RECORD SET |
------------------------------------
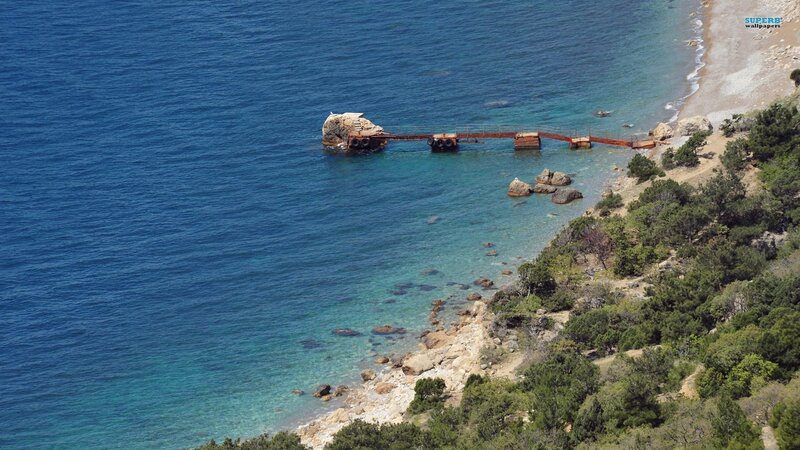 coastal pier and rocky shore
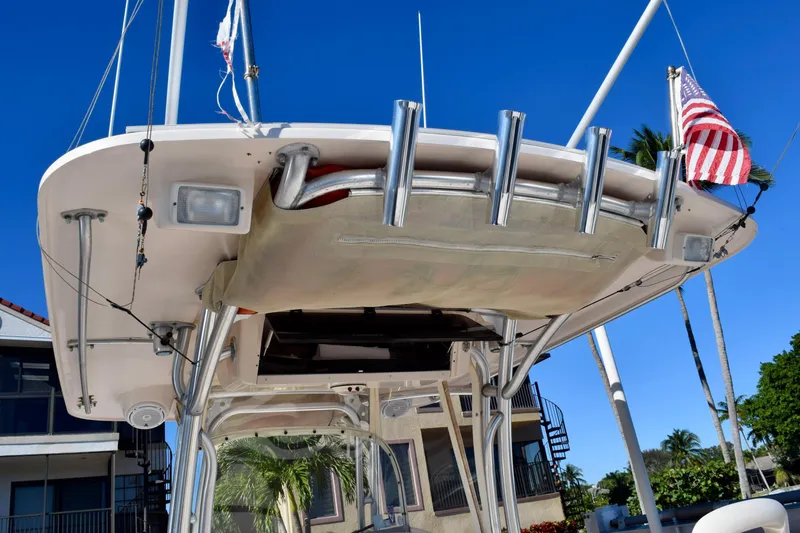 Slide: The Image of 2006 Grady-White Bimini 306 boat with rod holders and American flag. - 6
------------------------------------
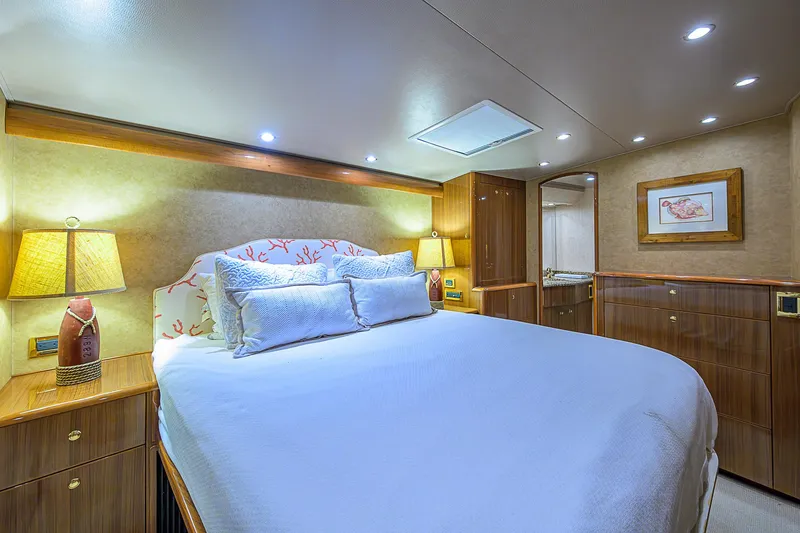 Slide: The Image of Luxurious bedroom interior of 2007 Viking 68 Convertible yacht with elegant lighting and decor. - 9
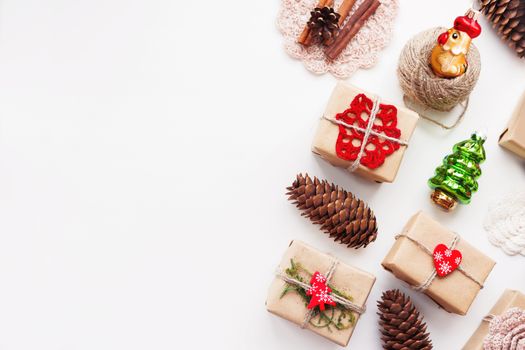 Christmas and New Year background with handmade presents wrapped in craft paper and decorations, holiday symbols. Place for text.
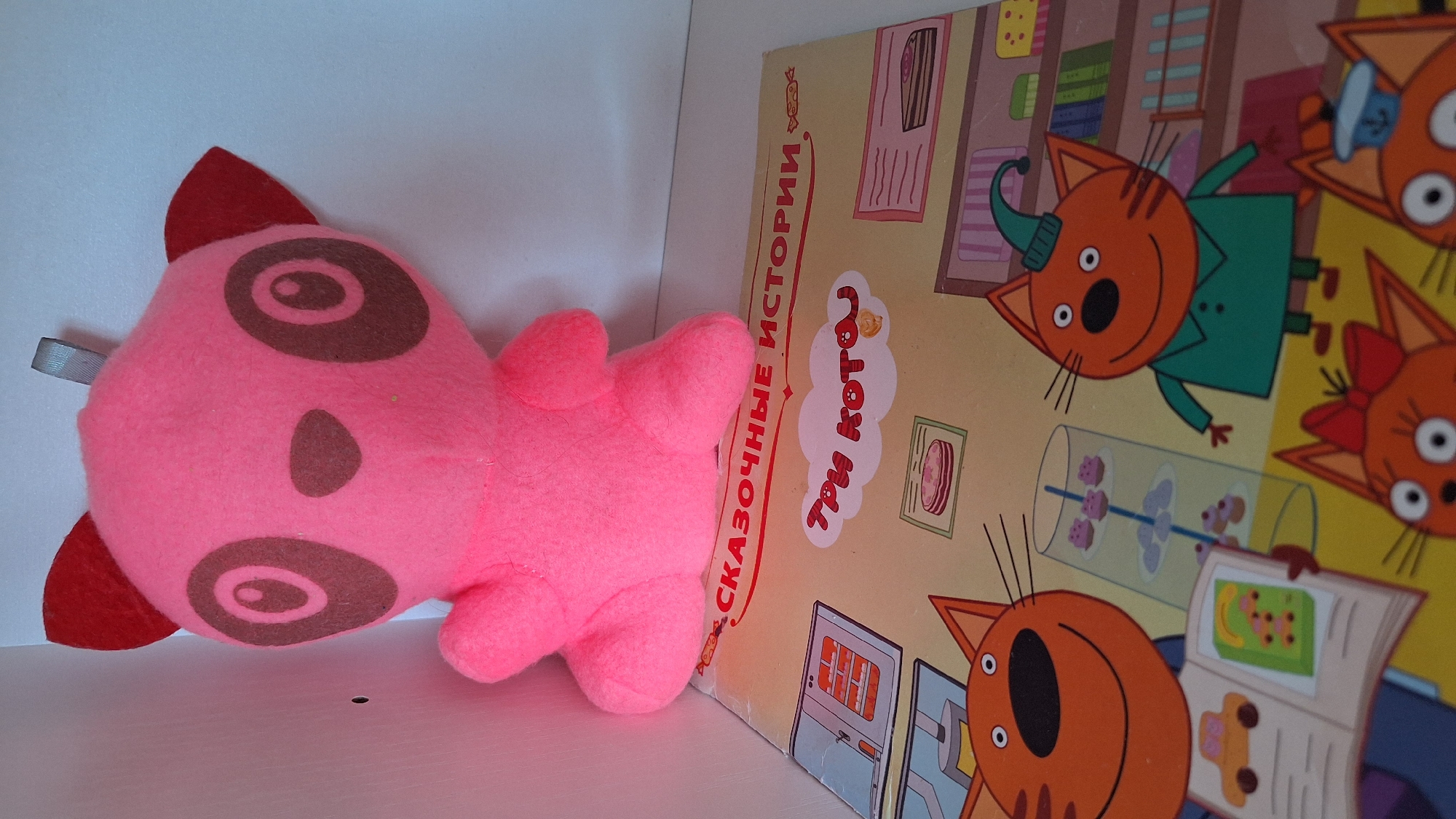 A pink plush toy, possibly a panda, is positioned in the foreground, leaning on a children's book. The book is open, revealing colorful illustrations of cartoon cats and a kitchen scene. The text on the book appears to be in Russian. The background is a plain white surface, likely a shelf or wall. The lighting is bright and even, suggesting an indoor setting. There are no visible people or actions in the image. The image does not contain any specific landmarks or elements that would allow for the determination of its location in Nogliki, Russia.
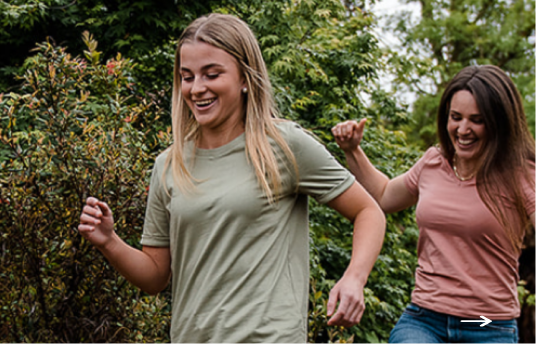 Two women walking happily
------------------------------------
PROBLEM DETAILS | Skip every picture, and restate word for word only the lines above from the line containing "coastal pier and rocky shore" to the line containing "Slide: The Image of 2006", both of them included.

EXPECTED OUTPUT |
 coastal pier and rocky shore
 Slide: The Image of 2006 Grady-White Bimini 306 boat with rod holders and American flag. - 6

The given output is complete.